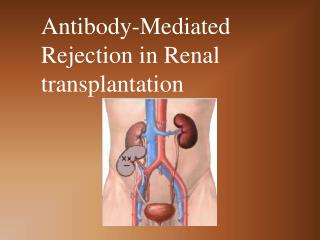 Antibody-Mediated Rejection in Renal transplantation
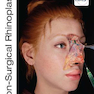 Non-Surgical Rhinoplasty (The PRIME Series) Kindle Edition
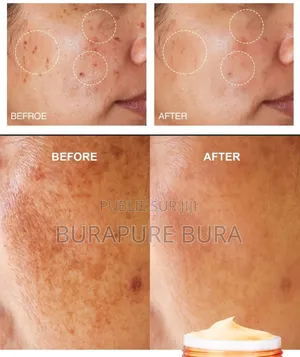 Crème Visage Balea À La Vitamine C SPF 15, 50 Ml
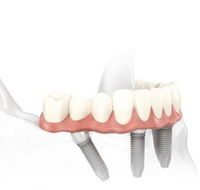 Specialist Oral Surgery - Dentist in Melbourne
——————————
▶ **Description of the task**
Without the pictures, retype all of the data above exactly.

▶ **Task output**
 Antibody-Mediated Rejection in Renal transplantation
 Non-Surgical Rhinoplasty (The PRIME Series) Kindle Edition
 Crème Visage Balea À La Vitamine C SPF 15, 50 Ml
 Specialist Oral Surgery - Dentist in Melbourne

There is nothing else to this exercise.